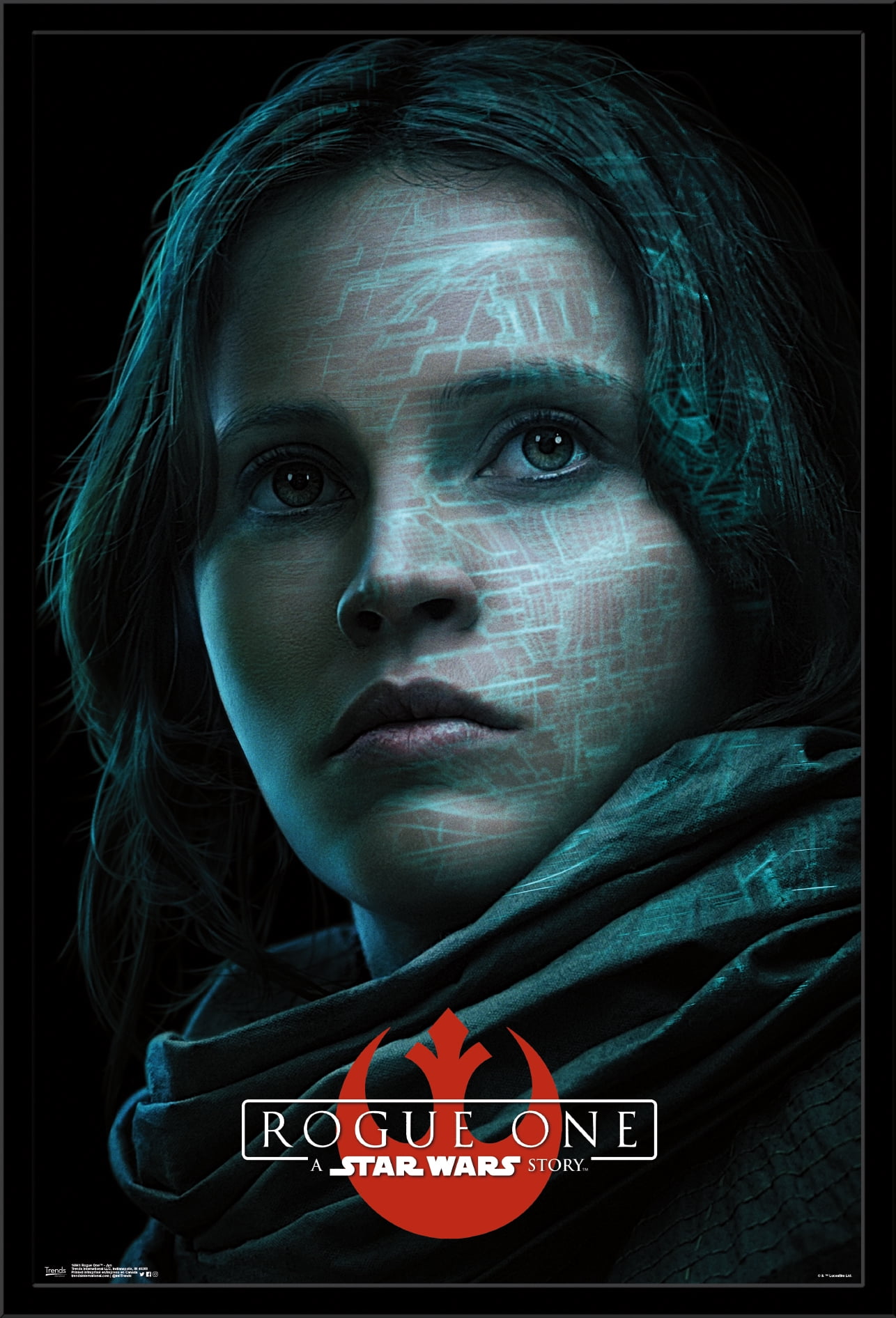 Star Wars: Rogue One - Jyn Wall Poster, 22.375" x 34", Framed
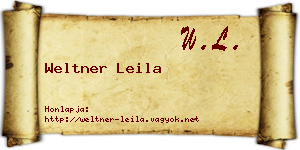 Weltner Leila névjegykártya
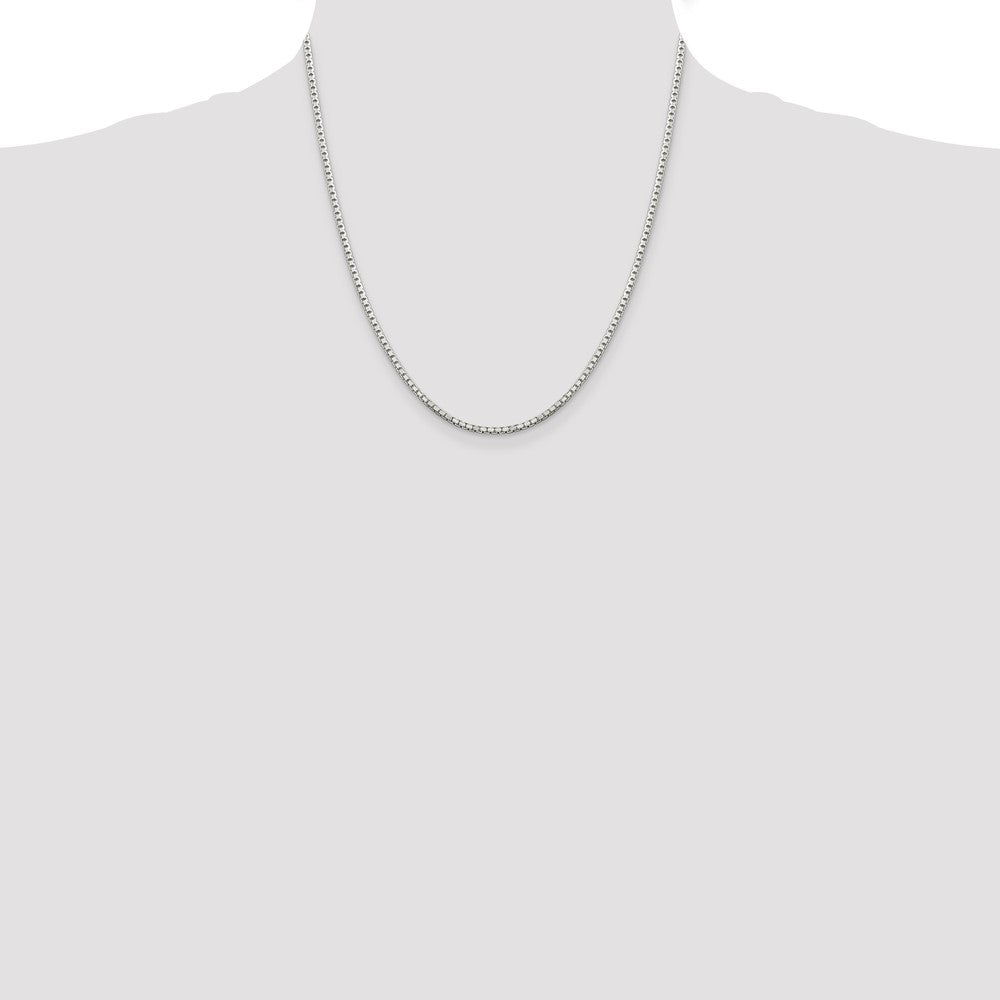 Sterling Silver 2mm 8 Sided Box Chain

○ ○ ○ ○ ○

#### [TASK ITEM]
Set down exactly the lines between the one with "Weltner Leila névjegykártya" and the last line of the material above, both included, but none of the pictures.

#### [ANSWER BELOW]
 Weltner Leila névjegykártya
 Sterling Silver 2mm 8 Sided Box Chain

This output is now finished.